Tu as quatre enfants, c’est facile de rester actif tout en ayant une vie de famille ?
Pas vraiment mais, en même temps, j’utilise mieux le peu de temps dont je dispose. Il m’arrive de courir au studio et je n’ai rien à enregistrer. Je demande à l’ingénieur du son : « prépare moi le micro, j’aurai une chanson dans une minute ! ». Avoir une famille, ça te force à être bon, à travailler très vite. J’aime avoir ce genre de contraintes. J’ai un autre projet avec ma femme, on s’y met quand notre fille au pair s’occupe de nos enfants. On court au studio et on tape rapidement sur nos instruments. On fait de la musique sans y penser – enfin, surtout moi. Ça sonne très pop et aussi très brut parce qu’on joue tout nous-mêmes.
Ton nouvel album, Bluefinger, a été enregistré en cinq jours…
Je sais comment ont été conçus certains disques des sixties que j’adore. Les jazzmen, par exemple, enregistraient très rapidement. Frank Sinatra en un jour : « allez, les gars, on y va. Il est cinq heures, j’ai une fête ce soir ». Quand tu travailles rapidement, parfois ça marche, parfois non.
Ça t’est déjà arrivé de mettre à la poubelle des chansons ?
Non, j’en fais un disque, ha ha ! Malheureusement, je n’ai aucun recul sur mon travail. Mais je ne crois pas non plus avoir des regrets.
Tu reviens avec quelque chose de plus rock après être allé à Nashville pour tes précédents disques, plus country, folk ou soul….
En allant à Nashville, je voulais simplement marcher sur les pas du Dylan de Blonde On Blonde. Personnellement, je n’avais pas besoin de revenir au rock. Mais mon public si, il en avait marre de Nashville.

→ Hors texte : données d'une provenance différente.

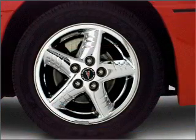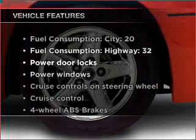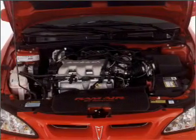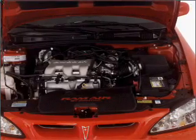You will appreciate the safety feature of anti-lock brakes. Plus, enjoy these notable features that are included in this vehicle: air conditioning, power door locks, power windows, power steering, cruise control, power mirrors, an AM-FM stereo, and an adjustable tilt steering wheel.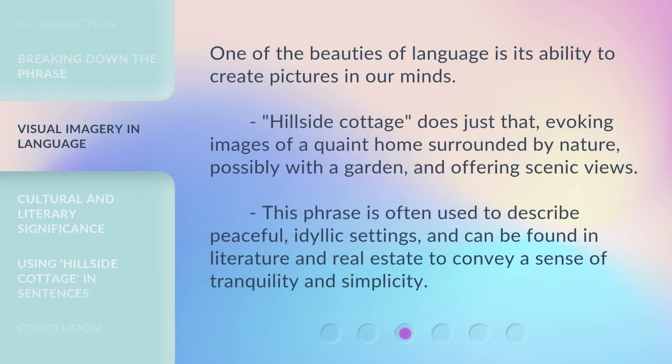One of the beauties of language is its ability to create pictures in our minds. Hillside Cottage does just that, evoking images of a quaint home surrounded by nature, possibly with a garden, and offering scenic views. This phrase is often used to describe peaceful, idyllic settings, and can be found in literature and real estate to convey a sense of tranquility and simplicity.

Bluefinger est consacré au musicien hollandais toxicomane (un temps fiancé à Nina Hagen) Herman Brood. Pourquoi ?
Je regardais sur youtube de ses concerts tout à réfléchissant à de nouvelles chansons – mon nouveau manager me demandait un inédit pour mon best of. Rien n’a été planifié, il faut accepter ce genre de choses. Avec les Pixies, on lutte pour enregistrer un nouvel album, on dépense beaucoup d’efforts à discuter entre avocats interposés. Comme dit ma femme : au lieu d’aller vers l’énergie négative, va vers la positive !
Tu savais en reprenant le nom de Black Francis que tu allais faire parler de toi…
Bien sûr. Comme tout le monde, je sais comment manipuler les médias. Je ne suis pas Madonna mais j’essaie. Je ne pense pas que tout le monde accepte cette manipulation mais pour beaucoup ça va être : « Black is back ». Il faut savoir se venger des journalistes : ils trahissent mes mots, mentent. Alors, je joue un petit jeu !
C’est vraiment ton père qui a trouvé, au début des Pixies, le pseudonyme de Black Francis?
Oui, je cherchais un nom de scène et c’est ce qu’il m’a proposé. J’ai dit : « ok, ça sonne bien ». Et je ne me suis pas livré à une analyse. Est-ce que je t’ai dit que j’étais un serpent ?
Heu non. Comment ça, un serpent ?
Je suis né en 1965, l’année du serpent. Le serpent ne regarde pas la route en se disant : « voici ma vision artistique ». Il n’a aucune perspective de son environnement, il sent juste ce qu’il y a sous son ventre et réagit à ce qui se passe. Depuis que j’ai compris être un serpent, ça me permet de me défiler pendant les interviews. Si on me demande à quoi je pensais en reformant les Pixies, je réponds : « je ne sais pas, je suis un serpent ».
Tu n’a donc aucune vision à long terme ?
Non, je n’aime pas regarder vers l’avant. Les managers et promoteurs essayent toujours de me projeter dans l’avenir. Moi, je veux juste penser à aujourd’hui, demain, et peut-être la semaine prochaine. Pour moi, plus loin ça devient abstrait.
Voilà, plus haut un extrait de son passage à Toulouse en juin avec, justement, le morceau le plus punchy de Bluefinger.